Mary, Frankenstein y un corazón

Usted está aquí

Mary, Frankenstein y un corazón

Foto: Internet.

Mary Shelley tenía 19 años cuando escribió su famosa novela “Frankenstein o el moderno Prometeo”, donde logró personificar dos de los más grandes terrores humanos de su tiempo. El primero se trata de los profanadores de tumbas. El fervor por la ciencia alcanzó momentos perturbadores. La anestesia aún no existía y los cirujanos operaban a los pacientes despiertos, con todo el dolor del mundo. Debía ser un trabajo rápido. Para ello practicaban con animales vivos y muertos. También con cadáveres de personas. No eran fáciles de conseguir, así que los doctores contrataban ladrones para que desenterraran a los difuntos. La gente lo sabía y en los funerales cuidaban al fallecido durante días completos. La idea de que los restos de familiares y amigos se utilizaran para “experimentos” causaba un pánico profundo. El segundo terror colectivo era pensar que esos “ensayos” resultaran exitosos y los muertos pudieran regresar. 
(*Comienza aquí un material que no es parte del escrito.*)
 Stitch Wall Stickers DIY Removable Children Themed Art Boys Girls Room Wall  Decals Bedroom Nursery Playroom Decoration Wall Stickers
La propia Mary relata, en la introducción de su libro, el origen de Frankenstein. La historia es famosa. Ella y su esposo, el poeta Percy B. Shalley, se encontraban en Suiza con Lord Byron y John Polidori. Para vencer al mal clima se entretenían leyendo historias de fantasmas y todos se propusieron escribir alguna. La joven tenía problemas de creatividad. No se le ocurría nada. Un día escuchó a sus amigos hablar de las teorías de Erasmus Darwin, abuelo del famoso naturalista Charles Darwin, “que había mantenido un trozo de gusano en una caja de cristal hasta, por alguna causa extraordinaria, comenzó a moverse voluntariamente”. La idea de la reanimación de un cadáver llegó a la mente de Mary, quien conocía el galvanismo y sus propuestas de la vida desde la electricidad. El monstruo había nacido, pero la escritora llevó el dilema mucho más lejos.
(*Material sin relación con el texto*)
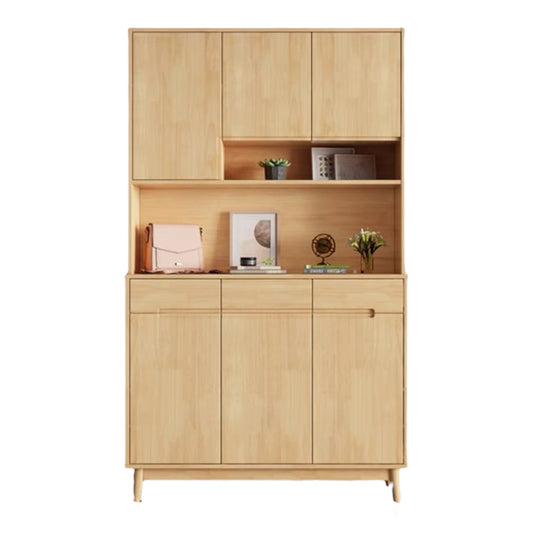 YF-2908 solid wood shoe cabinet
Víctor Frankenstein no es el “científico loco” que aparece en algunas versiones cinematográficas. Es un hombre con ambiciones intelectuales, sensible y racional. Joyce Carol Oates explica que la novela es moderna porque no hay personajes buenos o malos. No hay un dios omnipotente que castigará al pecador. La batalla es de un dios “imperfecto” en lucha con su creación. “Los monstruos que creamos mediante una civilización tecnológica avanzada ‘somos’ nosotros mismos como no podemos vernos a nosotros mismos: incompletos, ciegos, malogrados y, especialmente, autodestructivos. Porque el deseo de morir es lo que predomina”, agrega Oates. Shelley predijo la decadencia de un momento histórico y por eso la criatura sin nombre continúa entre nosotros. Pronto salió del libro, habitó los teatros, los cines, las calles.
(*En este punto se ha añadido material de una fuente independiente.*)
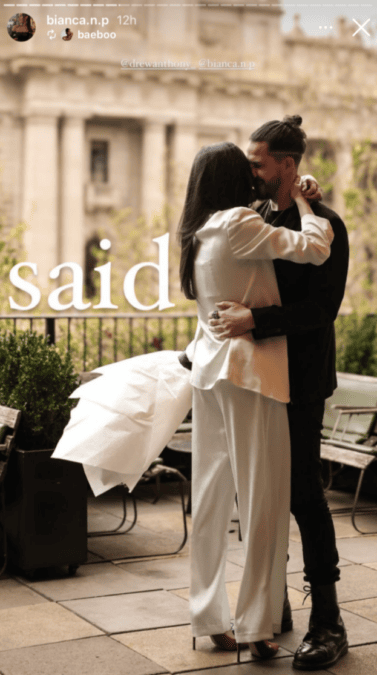 anthony drew bianca engaged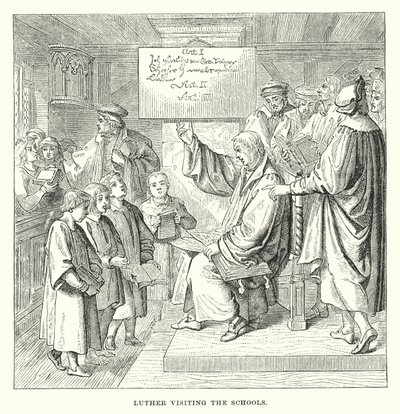 Luther besucht die Schulen (Gravur) von European School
El ambiente gótico de “Frankenstein” no es una excentricidad del Romanticismo. Cuenta Esther Cross que Mary Shelley aprendió a escribir su nombre leyendo el de su madre en el cementerio. La mítica Mary Wollstonecraft, anarquista y librepensadora que defendió los derechos de la mujer. William Godwin, el padre de la niña, era un afamado literato que abogó por las mismas causas. A los 16 años, Mary se fugó con el poeta Shelley en un fuerte escándalo porque él era casado. Percy falleció en un naufragio. Antes de cremarlo, le sacaron el corazón y se lo dieron a ella. Lo guardó entre las páginas de un poema, junto con cabello y otras reliquias de sus niños muertos. Llevaba consigo el temible cementerio. A los 26 años, la mitad de su vida, escribe: “Todos mis amigos se han ido, qué pobladas están las tumbas”. Pero a diferencia del doctor Frankenstein, no padeció la persecución de su obra maestra. Al contrario, amaba la novela porque fue hecha en días felices, cuando “la muerte y el dolor” no eran más que palabras.